The word "ectopic" is derived from the Greek word "ektopos," meaning "out of place." In the context of pregnancy, an ectopic pregnancy occurs when one to two percent of fertilised eggs implant outside the uterine cavity, most commonly in the fallopian tube. When this occurs, it results in an ectopic pregnancy, where the embryo continues to grow in an unsuitable location, leading to potentially disastrous consequences, primarily due to intra-abdominal hemorrhage.

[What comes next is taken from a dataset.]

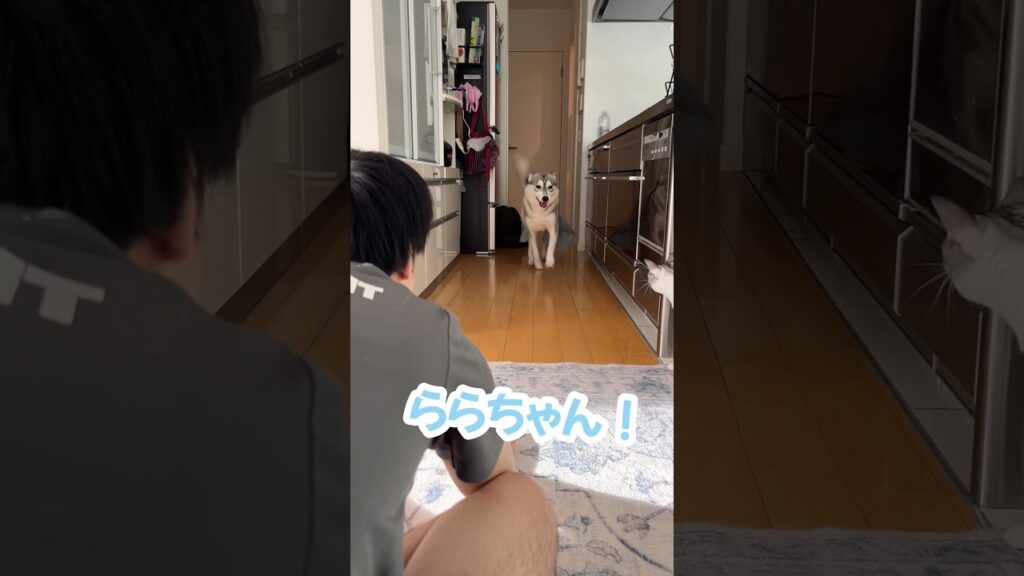 弟に突進する湯上がりハスキー #シベリアンハスキー #ハスキー #猫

As the pregnancy progresses in the fallopian tube, the growing embryo can cause significant complications. One of the early signs may include bleeding from the ostium, known as a tubal abortion. In more severe cases, the continued growth of the embryo can lead to tubal rupture, which is a medical emergency. A ruptured fallopian tube often results in catastrophic hemorrhage, posing a serious threat to the woman's health and requiring immediate surgical intervention.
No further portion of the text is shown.